The silence that follows is deafening. I’ve been dreading this conversation, knowing eventually the past would collide with the present in exactly this way.

“Yes.” The admission tastes like rust and regret. “The job was in your father’s eastern territories. We thought we were being clever—moving into areas he’d neglected, establishing footholds where his attention seemed divided.”

“But you weren’t clever.” Her voice drops to something dangerous. “You were walking into a trap.”

“We underestimated him.” I move closer, needing her to understand.

“Sabino’s intelligence network was more sophisticated than we’d calculated.

He knew about our plans weeks before we made our move.

He let us think we were succeeding—let us commit resources, bring in personnel, build infrastructure. Then he crushed us.”

Regina’s hand trembles as she presses it against the window glass. “How many people died?”

The question brings out painful memories. “Twelve men on our side. More on his. The warehouse we thought was empty was full of his soldiers waiting for us. It was a massacre, Regina. A calculated demonstration of what happens when you underestimate Sabino Picarelli.”

“And you took the fall.” She turns back to me, and the devastation on her face nearly breaks something in my chest. “You went to prison for fifteen years to protect Simeone and your organization. You sacrificed everything because my father set a trap.”

“I made a choice.” The correction feels necessary. “Nobody forced me into that cell. I chose to take responsibility because Simeone had the organization to run, people depending on him. I was expendable—he wasn’t.”

“Don’t.” Fire enters her voice now, burning through the shock.

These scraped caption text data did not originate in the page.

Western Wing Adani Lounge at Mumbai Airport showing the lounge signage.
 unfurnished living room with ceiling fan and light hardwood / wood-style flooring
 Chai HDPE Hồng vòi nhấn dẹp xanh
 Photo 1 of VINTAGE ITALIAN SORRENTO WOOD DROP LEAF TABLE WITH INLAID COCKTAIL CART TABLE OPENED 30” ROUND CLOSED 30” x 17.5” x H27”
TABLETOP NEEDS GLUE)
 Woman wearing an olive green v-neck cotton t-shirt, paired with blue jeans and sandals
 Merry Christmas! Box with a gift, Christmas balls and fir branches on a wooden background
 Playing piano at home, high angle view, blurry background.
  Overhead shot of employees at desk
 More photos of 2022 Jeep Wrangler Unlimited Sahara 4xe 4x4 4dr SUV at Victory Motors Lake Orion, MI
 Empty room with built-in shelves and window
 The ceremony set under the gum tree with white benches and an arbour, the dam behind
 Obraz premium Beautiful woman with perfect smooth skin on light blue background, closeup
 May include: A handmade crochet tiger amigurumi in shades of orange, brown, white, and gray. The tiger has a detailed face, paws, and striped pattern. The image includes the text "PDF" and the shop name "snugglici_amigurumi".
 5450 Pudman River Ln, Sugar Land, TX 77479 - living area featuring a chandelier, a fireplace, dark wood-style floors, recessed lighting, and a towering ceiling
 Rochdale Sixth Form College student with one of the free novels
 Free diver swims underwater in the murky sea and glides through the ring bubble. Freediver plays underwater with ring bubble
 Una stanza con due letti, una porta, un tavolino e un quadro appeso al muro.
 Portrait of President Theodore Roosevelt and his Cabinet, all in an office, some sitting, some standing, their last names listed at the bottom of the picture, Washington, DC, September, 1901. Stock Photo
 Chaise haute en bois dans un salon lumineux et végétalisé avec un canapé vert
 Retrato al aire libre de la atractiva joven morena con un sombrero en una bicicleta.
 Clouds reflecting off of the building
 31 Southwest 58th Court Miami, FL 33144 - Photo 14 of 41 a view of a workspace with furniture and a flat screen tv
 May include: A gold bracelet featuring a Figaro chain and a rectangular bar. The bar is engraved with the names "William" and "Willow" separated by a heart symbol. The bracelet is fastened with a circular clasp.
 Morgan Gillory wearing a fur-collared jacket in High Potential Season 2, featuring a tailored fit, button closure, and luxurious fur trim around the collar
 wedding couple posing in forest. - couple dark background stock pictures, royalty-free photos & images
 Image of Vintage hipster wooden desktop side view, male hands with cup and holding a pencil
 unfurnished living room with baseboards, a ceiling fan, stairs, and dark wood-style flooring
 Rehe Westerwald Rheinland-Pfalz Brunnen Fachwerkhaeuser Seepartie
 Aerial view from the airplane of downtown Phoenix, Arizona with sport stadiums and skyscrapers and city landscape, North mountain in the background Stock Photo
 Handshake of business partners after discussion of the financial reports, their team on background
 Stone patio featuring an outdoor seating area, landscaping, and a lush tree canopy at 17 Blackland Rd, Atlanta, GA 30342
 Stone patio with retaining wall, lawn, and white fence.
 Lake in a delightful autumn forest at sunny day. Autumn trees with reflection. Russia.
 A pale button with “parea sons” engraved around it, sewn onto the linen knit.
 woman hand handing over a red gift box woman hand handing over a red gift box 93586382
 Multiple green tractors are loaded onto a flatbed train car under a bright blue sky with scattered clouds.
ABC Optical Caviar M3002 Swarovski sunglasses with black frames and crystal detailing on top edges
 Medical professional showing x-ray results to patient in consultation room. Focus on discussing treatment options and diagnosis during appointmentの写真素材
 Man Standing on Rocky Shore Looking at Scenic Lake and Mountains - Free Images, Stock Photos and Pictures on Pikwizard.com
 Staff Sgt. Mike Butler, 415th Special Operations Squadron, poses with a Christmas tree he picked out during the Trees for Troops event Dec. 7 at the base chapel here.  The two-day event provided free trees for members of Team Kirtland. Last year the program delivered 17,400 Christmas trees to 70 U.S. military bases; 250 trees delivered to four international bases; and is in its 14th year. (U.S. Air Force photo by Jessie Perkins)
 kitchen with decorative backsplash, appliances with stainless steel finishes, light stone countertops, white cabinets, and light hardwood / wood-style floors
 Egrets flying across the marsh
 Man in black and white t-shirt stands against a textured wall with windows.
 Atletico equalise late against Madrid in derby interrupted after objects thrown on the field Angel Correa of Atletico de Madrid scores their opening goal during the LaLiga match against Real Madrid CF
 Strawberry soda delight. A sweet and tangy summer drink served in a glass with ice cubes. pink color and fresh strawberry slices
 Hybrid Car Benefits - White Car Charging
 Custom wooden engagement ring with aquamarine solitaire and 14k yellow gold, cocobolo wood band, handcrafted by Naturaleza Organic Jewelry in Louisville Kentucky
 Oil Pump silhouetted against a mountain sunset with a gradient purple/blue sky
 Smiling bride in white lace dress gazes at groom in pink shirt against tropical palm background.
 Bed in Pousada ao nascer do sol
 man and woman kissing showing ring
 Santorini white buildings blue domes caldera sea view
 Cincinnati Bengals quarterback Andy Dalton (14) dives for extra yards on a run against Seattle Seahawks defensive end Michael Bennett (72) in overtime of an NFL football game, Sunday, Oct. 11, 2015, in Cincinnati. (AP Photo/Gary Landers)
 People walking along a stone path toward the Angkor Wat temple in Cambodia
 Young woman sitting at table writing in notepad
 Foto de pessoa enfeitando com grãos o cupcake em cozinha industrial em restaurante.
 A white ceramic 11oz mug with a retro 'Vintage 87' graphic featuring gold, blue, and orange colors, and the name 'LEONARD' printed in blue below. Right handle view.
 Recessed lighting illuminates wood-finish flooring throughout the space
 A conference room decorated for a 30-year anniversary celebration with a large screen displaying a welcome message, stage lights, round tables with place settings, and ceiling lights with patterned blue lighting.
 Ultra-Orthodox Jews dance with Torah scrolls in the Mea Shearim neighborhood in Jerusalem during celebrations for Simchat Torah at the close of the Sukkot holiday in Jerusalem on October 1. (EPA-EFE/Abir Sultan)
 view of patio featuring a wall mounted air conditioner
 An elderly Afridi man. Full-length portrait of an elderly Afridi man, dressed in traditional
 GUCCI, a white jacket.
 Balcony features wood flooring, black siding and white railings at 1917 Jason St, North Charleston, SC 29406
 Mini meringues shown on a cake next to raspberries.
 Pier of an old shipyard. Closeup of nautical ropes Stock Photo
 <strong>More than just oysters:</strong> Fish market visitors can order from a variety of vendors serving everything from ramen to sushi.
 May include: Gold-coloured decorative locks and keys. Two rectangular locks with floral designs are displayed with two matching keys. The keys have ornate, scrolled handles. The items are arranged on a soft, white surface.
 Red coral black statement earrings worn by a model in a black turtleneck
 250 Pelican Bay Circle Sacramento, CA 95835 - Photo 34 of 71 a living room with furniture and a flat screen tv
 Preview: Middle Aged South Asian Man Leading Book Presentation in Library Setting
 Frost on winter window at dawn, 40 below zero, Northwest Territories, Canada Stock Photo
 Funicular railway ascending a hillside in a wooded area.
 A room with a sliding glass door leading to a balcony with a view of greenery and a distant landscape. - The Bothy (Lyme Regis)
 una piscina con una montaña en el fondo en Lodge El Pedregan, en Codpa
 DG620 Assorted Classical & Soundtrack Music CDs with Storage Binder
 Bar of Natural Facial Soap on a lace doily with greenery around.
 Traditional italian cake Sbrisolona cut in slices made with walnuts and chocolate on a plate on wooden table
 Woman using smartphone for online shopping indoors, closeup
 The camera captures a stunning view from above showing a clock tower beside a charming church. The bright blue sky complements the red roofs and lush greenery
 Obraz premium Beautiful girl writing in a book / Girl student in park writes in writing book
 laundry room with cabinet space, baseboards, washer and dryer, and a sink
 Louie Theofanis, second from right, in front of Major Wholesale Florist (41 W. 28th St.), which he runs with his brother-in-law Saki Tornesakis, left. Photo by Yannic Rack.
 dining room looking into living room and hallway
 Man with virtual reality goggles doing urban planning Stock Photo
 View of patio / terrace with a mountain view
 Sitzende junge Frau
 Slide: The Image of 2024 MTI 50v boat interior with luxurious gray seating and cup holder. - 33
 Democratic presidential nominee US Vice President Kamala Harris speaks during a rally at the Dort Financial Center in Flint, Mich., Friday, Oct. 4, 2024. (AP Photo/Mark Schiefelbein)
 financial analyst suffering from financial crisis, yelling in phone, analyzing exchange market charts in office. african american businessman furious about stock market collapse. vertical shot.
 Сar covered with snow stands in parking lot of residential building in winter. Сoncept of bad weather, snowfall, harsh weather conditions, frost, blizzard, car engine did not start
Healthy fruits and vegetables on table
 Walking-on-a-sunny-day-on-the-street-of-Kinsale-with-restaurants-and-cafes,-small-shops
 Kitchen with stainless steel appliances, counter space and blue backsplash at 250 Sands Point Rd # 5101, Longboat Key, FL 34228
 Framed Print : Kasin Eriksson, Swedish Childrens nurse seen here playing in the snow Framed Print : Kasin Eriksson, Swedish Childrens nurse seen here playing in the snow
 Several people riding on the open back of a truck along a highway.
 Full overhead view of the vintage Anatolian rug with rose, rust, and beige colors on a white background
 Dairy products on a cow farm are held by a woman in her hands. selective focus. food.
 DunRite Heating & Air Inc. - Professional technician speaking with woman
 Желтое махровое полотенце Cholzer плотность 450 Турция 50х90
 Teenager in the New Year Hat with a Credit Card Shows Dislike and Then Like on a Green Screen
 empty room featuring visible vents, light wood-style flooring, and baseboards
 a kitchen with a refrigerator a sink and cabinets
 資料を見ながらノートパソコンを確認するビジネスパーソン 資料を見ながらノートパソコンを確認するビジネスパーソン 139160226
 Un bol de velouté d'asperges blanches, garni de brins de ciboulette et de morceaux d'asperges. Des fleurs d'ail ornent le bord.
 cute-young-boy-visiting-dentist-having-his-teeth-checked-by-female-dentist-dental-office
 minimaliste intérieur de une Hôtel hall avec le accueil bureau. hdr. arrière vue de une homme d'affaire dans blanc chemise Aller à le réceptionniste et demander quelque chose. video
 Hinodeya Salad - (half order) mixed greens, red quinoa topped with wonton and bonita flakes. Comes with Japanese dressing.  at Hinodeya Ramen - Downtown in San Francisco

“Don’t stand there and tell me you were expendable when you spent fifteen years locked away protecting someone else.

You were thirty-one years old, Mauricio.

You lost your entire thirties because of a choice my father forced you to make. ”

The accuracy of her observation makes my throat tight. She’s right—I was young, stupid, convinced I was doing the noble thing. I hadn’t understood yet what fifteen years actually meant, how prison would reshape me into something harder and colder than the man who walked in.

“Your father didn’t force anything.” I close the remaining distance between us, needing her to understand this crucial point.

“He outmaneuvered us. Set a trap we walked into willingly. But my decision to take the fall—to keep my mouth shut and protect what mattered—that was mine. Don’t give him credit for choices I made. ”

“You don’t get it.” Her hands find my chest, fingers curling into my shirt with desperate intensity.

“The man who raised me—who murdered my parents and kept me as insurance—he’s also the man who destroyed an operation that cost you fifteen years of your life.

Everything I’ve been trying to dismantle, every piece of his empire I want to burn down—it’s all built on blood.

Your blood. The blood of those twelve men who died.

Blood he spilled and then walked away from like it meant nothing. ”

The raw guilt in her voice does something uncomfortable to my chest. I catch her wrists, gentle but firm, forcing her to meet my gaze.

“Listen to me very carefully.” My voice drops low, intimate. “What Sabino did all those years ago—the trap, the deaths, the systematic destruction of our operation—that’s not your burden to carry. You were what, thirteen? Fourteen? You had no part in his decisions.”

“I’m his daughter—”

“You’re the child of the people he murdered.” The correction is blunt but necessary. “You’re the proof of his crimes, not the cause of them. Don’t confuse being raised by a monster with being responsible for his monstrosity.”

Tears shimmer in her green eyes, but she doesn’t let them fall. “How long have you known? That the man who sent you to prison was the same man raising me?”

“It took me a while to figure out it was Sabino. But once I did, I knew who you were. Picarelli isn’t exactly common. When Tiziano told me about Sabino’s threats against Simeone’s family, when he mentioned a daughter named Regina—I knew. I did the math immediately.”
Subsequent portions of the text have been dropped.